Poster

PS2-30

Methods to monitor the relevance of M phase in the synthetic lethal potency of Polo-like Kinase 1 inhibitors

Yiovana Verónica Okraine¹, Sebastián Omar Siri¹, Vanesa Gottifredi¹

 

Homologous recombination (HR) deficiency due to loss of BRCA function in cells leads to a propensity to the genesis of different types of cancer. Conversely, such HR deficiency is exploited to cause synthetic lethality (SL) or tumor-specific cell death in BRCA-deficient cancers. Such a synthetic lethality can be achieved by using drugs such as PARP inhibitors (PARPi) that prompt the accumulation of substrates for HR, e.g., DNA double-strand breaks (DSBs), which cannot be repaired in HR deficient cells. The trigger for SL in BRCA deficient cells treated with PARPi is intimately associated with acute DNA replication stress. In contrast, we have recently reported that BRCA1-deficient cells can be killed in a manner independent from such an S phase-associated stress.
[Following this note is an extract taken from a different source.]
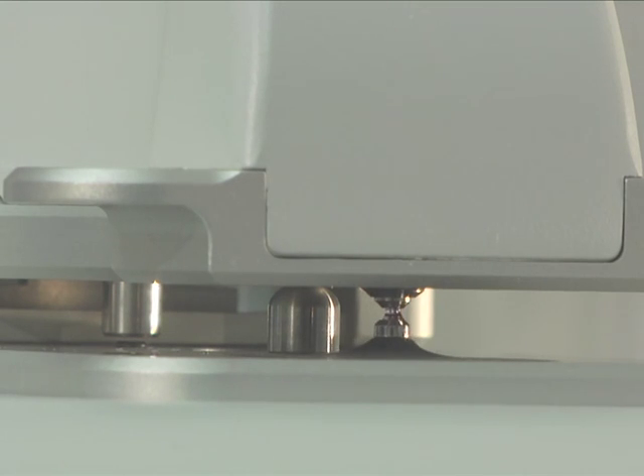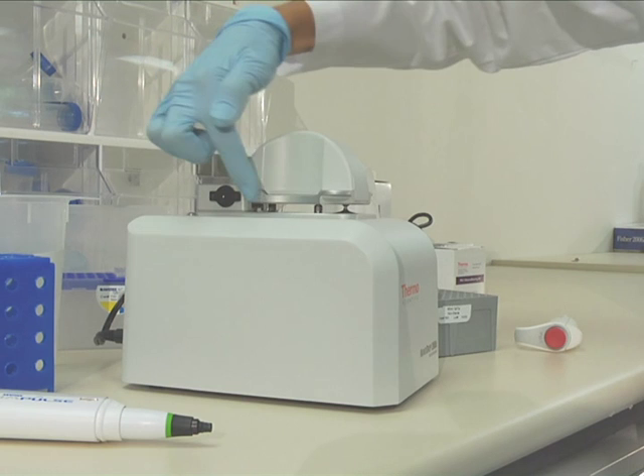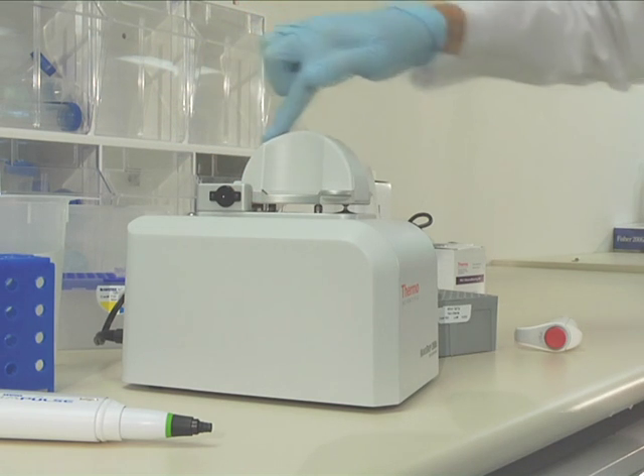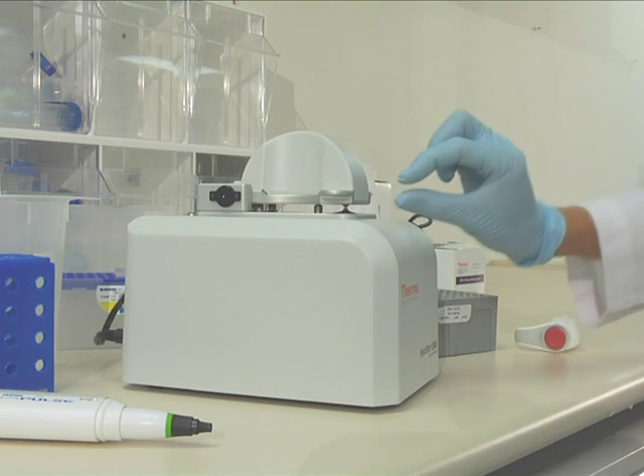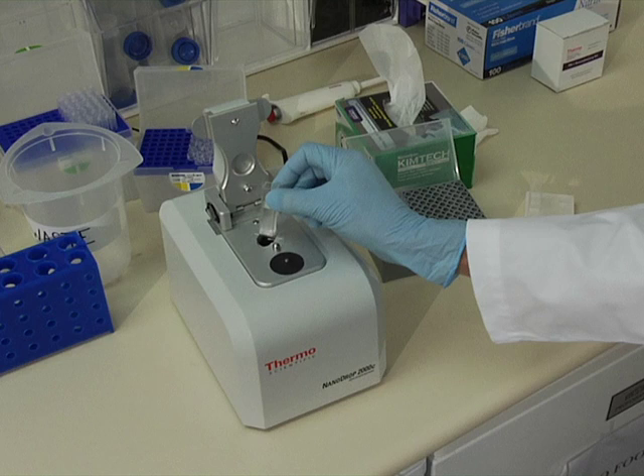This liquid column forms a vertical optical path. A xenon flash lamp provides the light source and a spectrometer utilizing a linear CCD array is used to analyze the light that passes through the sample. Removing traditional containment devices such as cuvettes from the system has several advantages.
We found that inhibition of PLK1, an M-phase master kinase, causes SL in BRCA1 deficient models in a manner that does not augment parameters of DNA replication stress. Instead, BRCA1-deficient cells treated with PLK1i aggregate into multinucleated structures that suggest M phase’s role in the SL triggered by PLKi. To get insight into such a DNA replication stress-independent SL mechanism, we will systematically monitor chromosome segregation, and other M phase parameters (multipolar mitoses, chromosome bridges, and lagging chromosomes resolution) will be discussed in depth during the presentation of results.